* [WORK INSTRUCTION] From the first line to the last, repeat the records exactly and skip the pictures.

- Opening Delimiter -

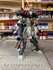 Picture of ArrowModelBuild Stark Jegan Built & Painted MG 1/100 Model Kit, Picture 3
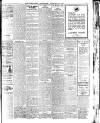 Derbyshire Advertiser and Journal Friday 11 February 1927 Page 19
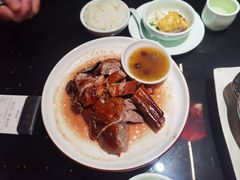 -鹅滋道(甘坑古镇店)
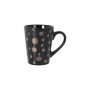 Cup La Mediterránea Lunas 360 ml (24 Units)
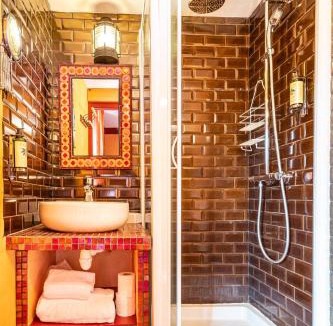 Le Barp Hotel | Hôtel Le Résinier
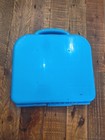 Sesame Street Cookie Monster On The Go Numbers Case Rare Incomplete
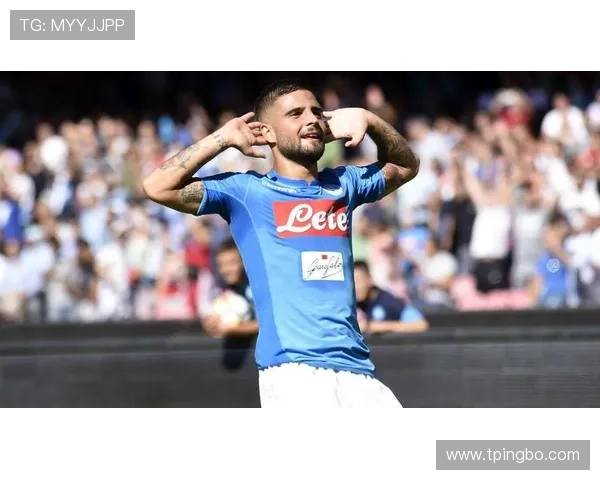 什克里尼亚尔防守站位表现稳健，近期比赛持续展现清晰的防守走势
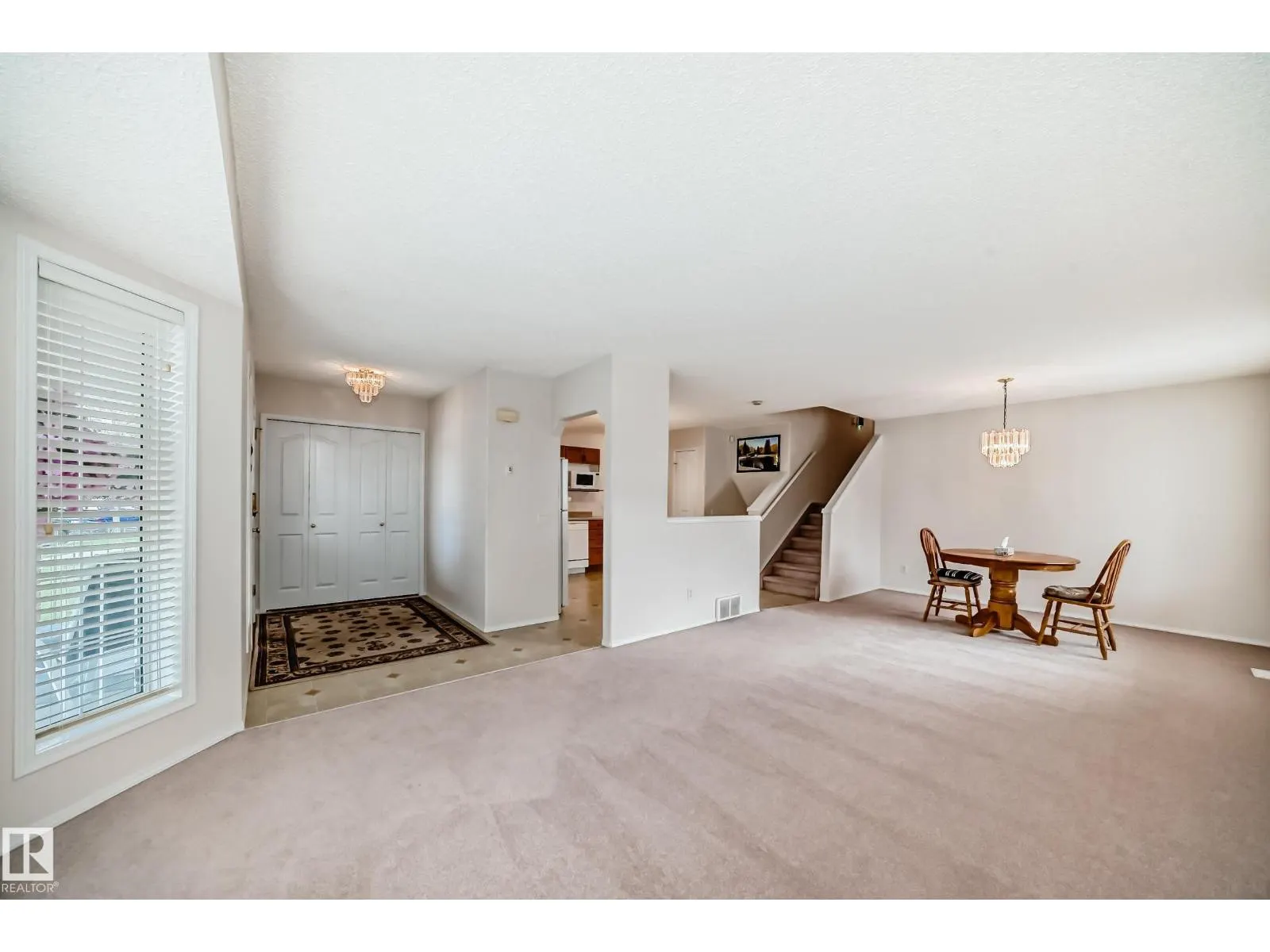 17215 88 ST NW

- Closing Delimiter -

* [EXERCISE SOLUTION]
 Picture of ArrowModelBuild Stark Jegan Built & Painted MG 1/100 Model Kit, Picture 3
 Derbyshire Advertiser and Journal Friday 11 February 1927 Page 19
 -鹅滋道(甘坑古镇店)
 Cup La Mediterránea Lunas 360 ml (24 Units)
 Le Barp Hotel | Hôtel Le Résinier
 Sesame Street Cookie Monster On The Go Numbers Case Rare Incomplete
 什克里尼亚尔防守站位表现稳健，近期比赛持续展现清晰的防守走势
 17215 88 ST NW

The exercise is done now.